August 14, 2008 – Opening the nation’s 232 Vet Centers to active-duty and reserve component members who served in Iraq or Afghanistan so they could receive readjustment counseling might duplicate existing military programs, but it would still help combat veterans, according to a new analysis by a nonpartisan arm of Congress.
The Congressional Budget Office, tasked with putting a price tag on pending legislation, looked at counseling services as it estimated the cost of S 2969, the Veterans Health Care Authorization Act of 2008, passed by the Senate Veterans’ Affairs Committee.
The committee, chaired by Sen. Daniel Akaka, D-Hawaii, passed the health bill in June, but the full Senate has not yet considered it. In preparation for floor debate on veterans’ legislation, the budget office reviewed the bill, including the potential cost of expanding eligibility for Vet Centers to include people still in the military.
By CBO’s estimate, about 1 million people still in the military — active or reserve forces — are or have deployed to Iraq or Afghanistan.
Having all of them show up at Vet Centers would overwhelm a system that now serves about 165,000 people a year, but that is unlikely.
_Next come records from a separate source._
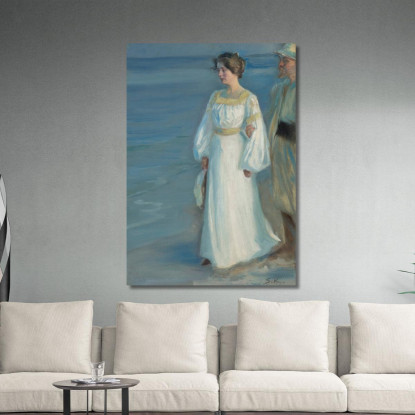 Sera D'Estate Sulla Spiaggia Di Skagen. Ritratto Della Moglie Dell'Artista Peder Severin Krøyer psk55 quadro stampato su tela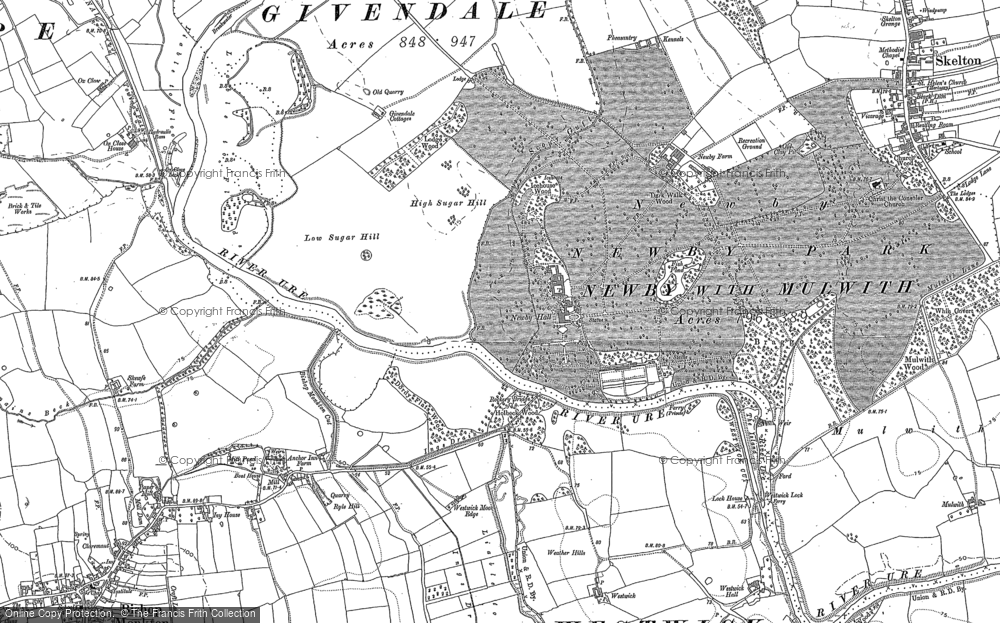 Old Map of Newby Hall, 1890 in 1890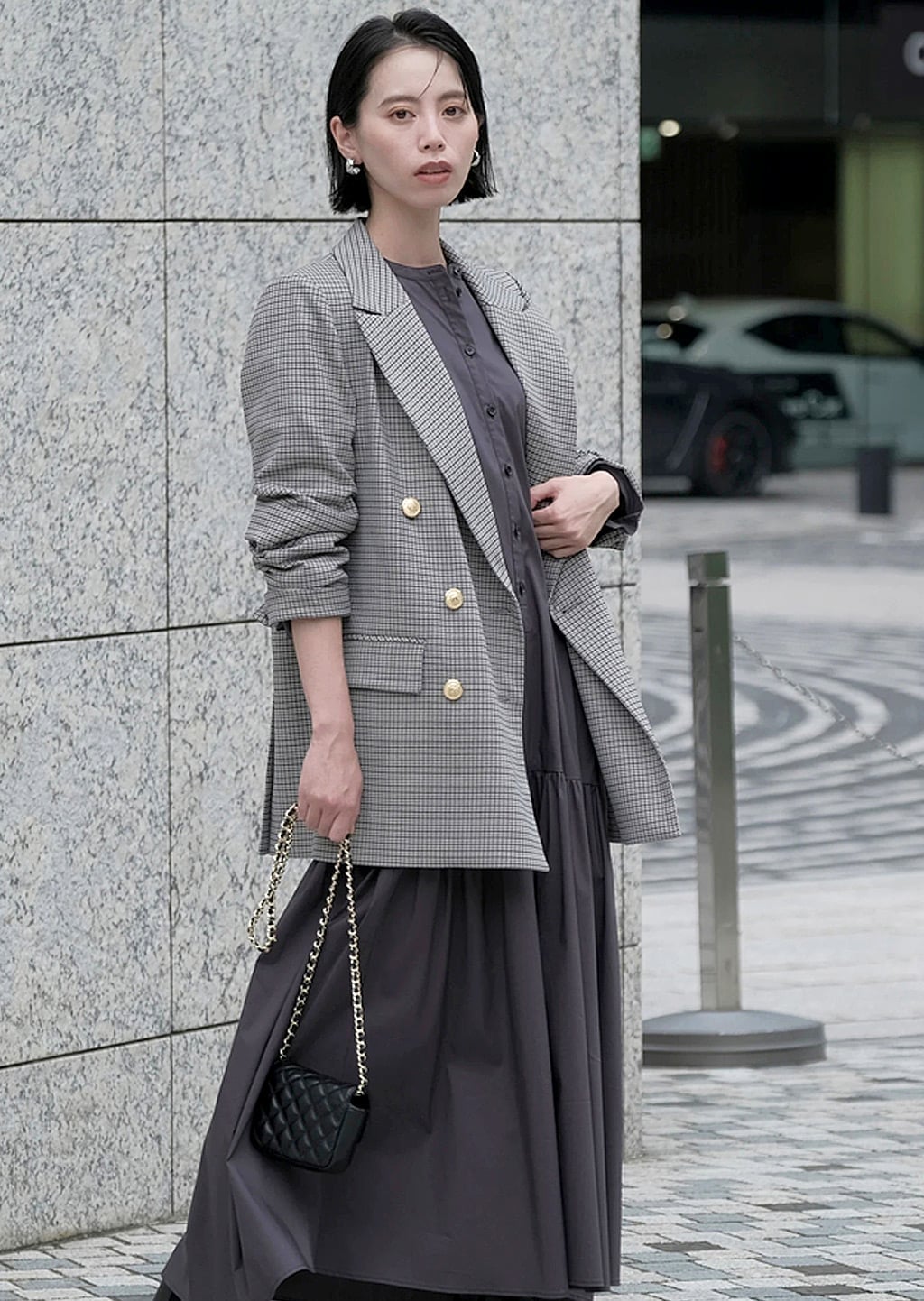 Gray Plaid Blazer Over Tiered Dress — Trendy Japan Outfits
CBO estimates that about one-third would seek mental health counseling and that only about 5 percent of those who seek counseling would use Vet Centers rather than the free on- and off-base counseling already provided by the Defense Department.
To come up with a cost, CBO assumed it would take abut $415 a year per person to provide counseling. After adjusting for inflation, this means that Vet Centers would need $24 million a year in extra funding over five years, a relatively small amount considering their current annual operating costs of $131 million.